++++ Extracted material ++++

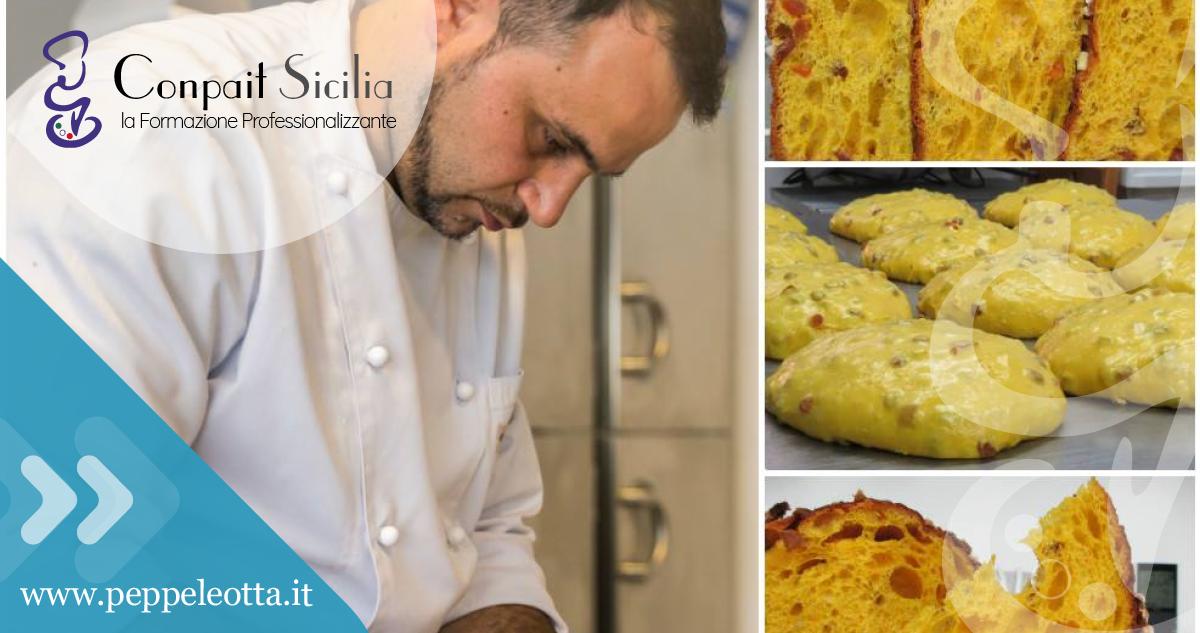 PEPPE LEOTTA ALTA FORMAZIONE CORSI CONPAIT-SICILIA SCUOLA CORSO La colomba pasquale e la prima colazione d'eccellenza con sua Maestà il lievito Madre del Maestro Fabrizio Donatone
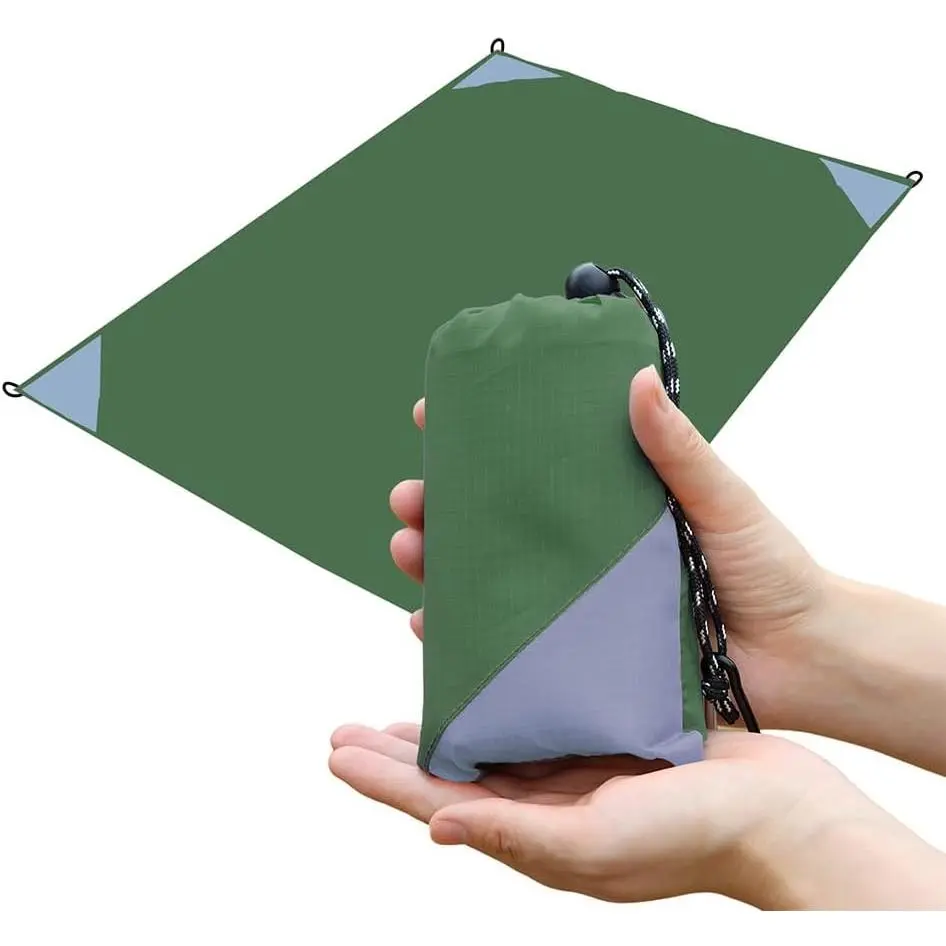 Pocket Picnic Blanket, Beach Mat  Sandproof, Compact Lightweight Small Tarp for Camping, Hiking, Backpacking, Festival, Travel, Foldable in Bags (Army Green/Grey, 55"x39")
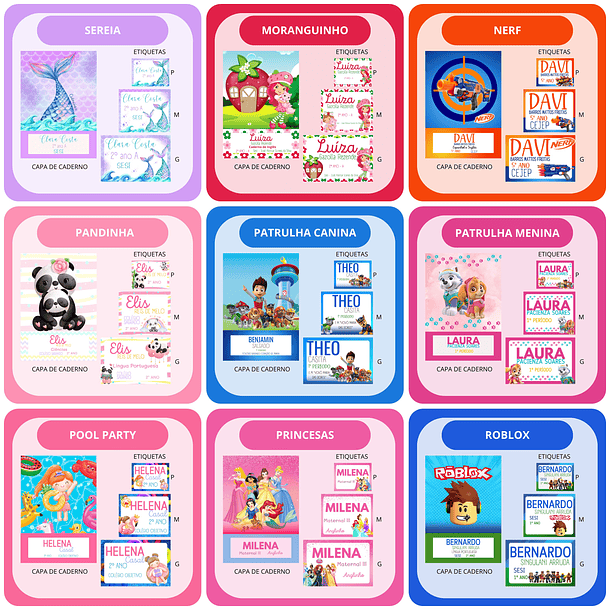 Mega Combo Etiquetas Escolares Completo em Png 7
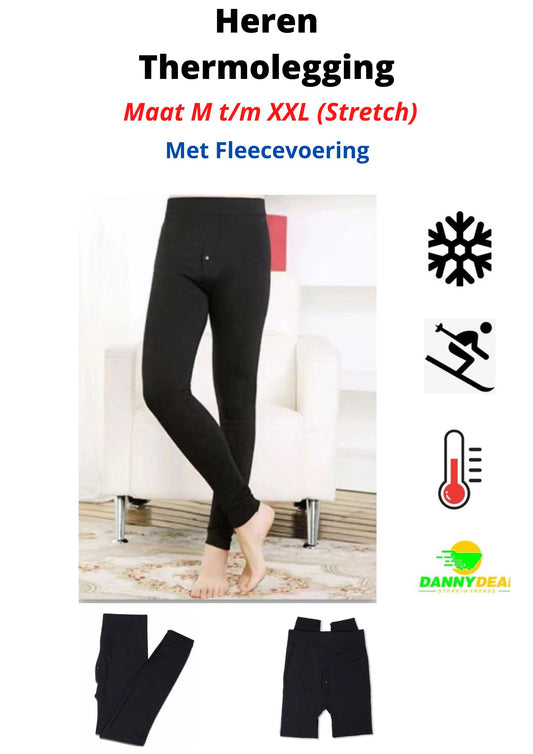 Heren Comfort Thermolegging - Maat M t/m XXL - Met Gulp - Warm Gevoerd - Thermobroek - Ondergoed - Outdoor - Wintersport - Warme Legging - Fleece - Man - Zwart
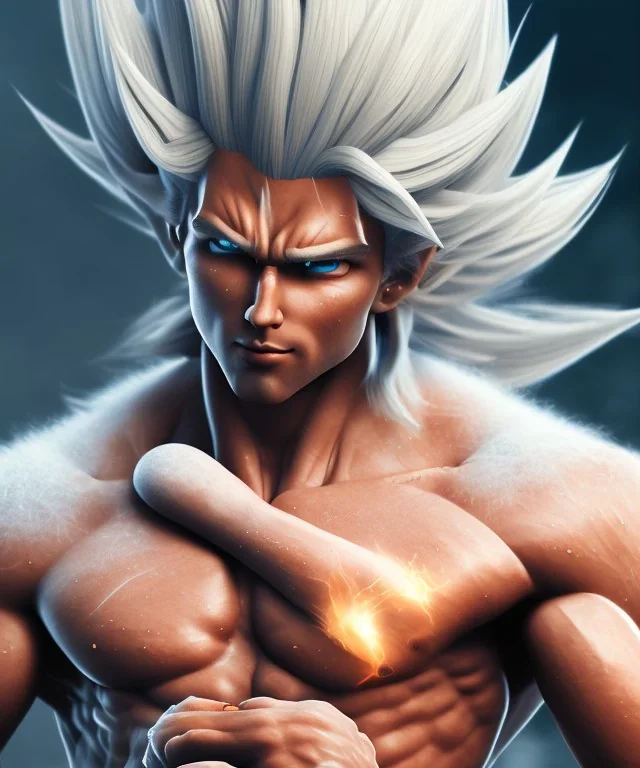 Goku, matrix style, white hair, fighting pose, muscular body, shirtless, volumetric details, hyper realism, unreal engine 5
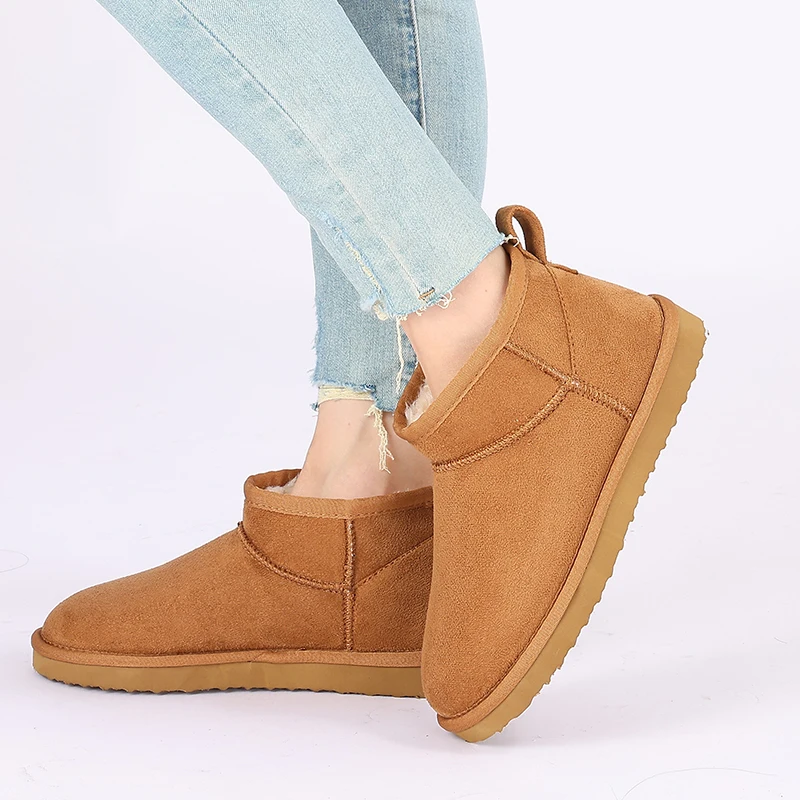 Smile PoP New Winter Cotton Women Boots Warm Suede Women Shoes Casual Plush Mini Cotton Snow Boots Nonslip Furry Ankle Shoes thumbnail 5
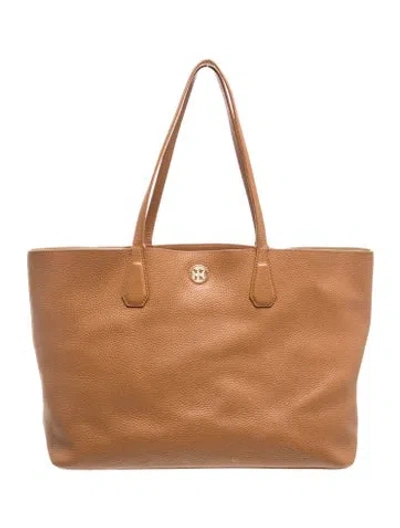 Pre-owned Tory Burch Leather Tote In Brown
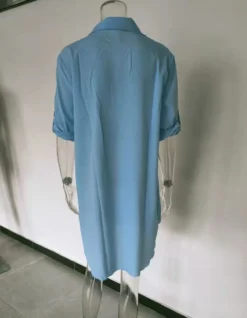 Spring And Summer Women'S Deep V-Neck Chiffon Shirt Sunscreen Shirt Dress -Women Fashion Shop dd43aa559ee98eed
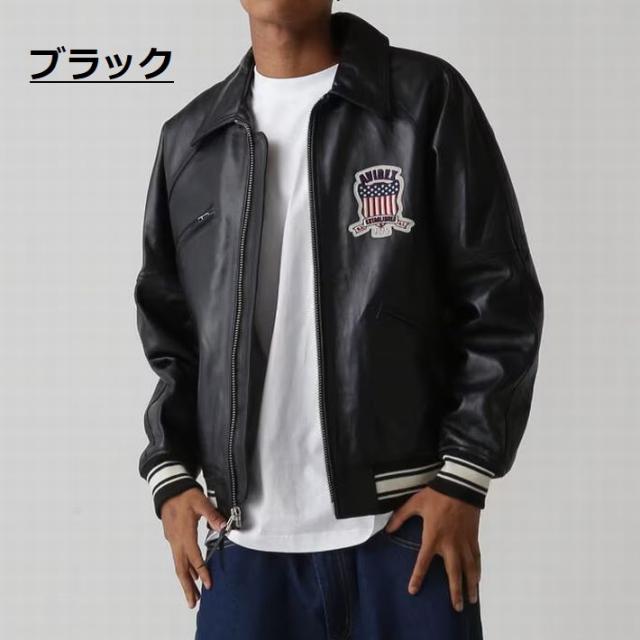 【本革レザー】AVIREX レザー ジャケット アウター 革ジャン メンズ ブルゾン LIGHT SIGNATURE VARSITY JACKET ライト シグネチャー バーシティー ジャケット ミリタリー 正規品 ブランド おしゃれ アビレックス アヴィレックス 7834950016 送料無料_9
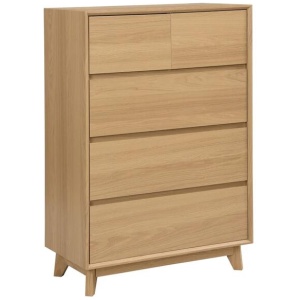 Hannah Wooden Chest Of 5-Drawers Tallboy Storage Cabinet - Oak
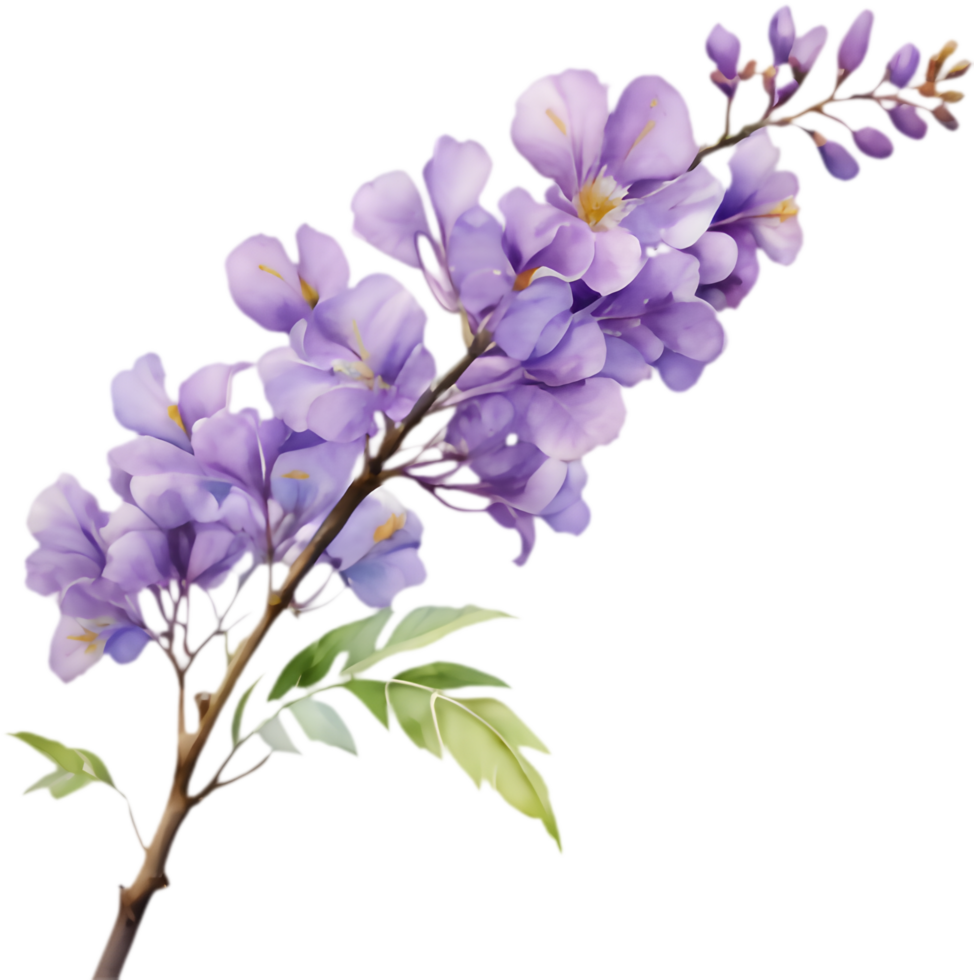 Jacaranda mimosifolia flower clipart with watercolor detail. . png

++++

▶ Exercise aim:
Give back each entry exactly as it appears, with no pictures.

▶ Expected answer:
 PEPPE LEOTTA ALTA FORMAZIONE CORSI CONPAIT-SICILIA SCUOLA CORSO La colomba pasquale e la prima colazione d'eccellenza con sua Maestà il lievito Madre del Maestro Fabrizio Donatone
 Pocket Picnic Blanket, Beach Mat  Sandproof, Compact Lightweight Small Tarp for Camping, Hiking, Backpacking, Festival, Travel, Foldable in Bags (Army Green/Grey, 55"x39")
 Mega Combo Etiquetas Escolares Completo em Png 7
 Heren Comfort Thermolegging - Maat M t/m XXL - Met Gulp - Warm Gevoerd - Thermobroek - Ondergoed - Outdoor - Wintersport - Warme Legging - Fleece - Man - Zwart
 Goku, matrix style, white hair, fighting pose, muscular body, shirtless, volumetric details, hyper realism, unreal engine 5
 Smile PoP New Winter Cotton Women Boots Warm Suede Women Shoes Casual Plush Mini Cotton Snow Boots Nonslip Furry Ankle Shoes thumbnail 5
 Pre-owned Tory Burch Leather Tote In Brown
 Spring And Summer Women'S Deep V-Neck Chiffon Shirt Sunscreen Shirt Dress -Women Fashion Shop dd43aa559ee98eed
 【本革レザー】AVIREX レザー ジャケット アウター 革ジャン メンズ ブルゾン LIGHT SIGNATURE VARSITY JACKET ライト シグネチャー バーシティー ジャケット ミリタリー 正規品 ブランド おしゃれ アビレックス アヴィレックス 7834950016 送料無料_9
 Hannah Wooden Chest Of 5-Drawers Tallboy Storage Cabinet - Oak
 Jacaranda mimosifolia flower clipart with watercolor detail. . png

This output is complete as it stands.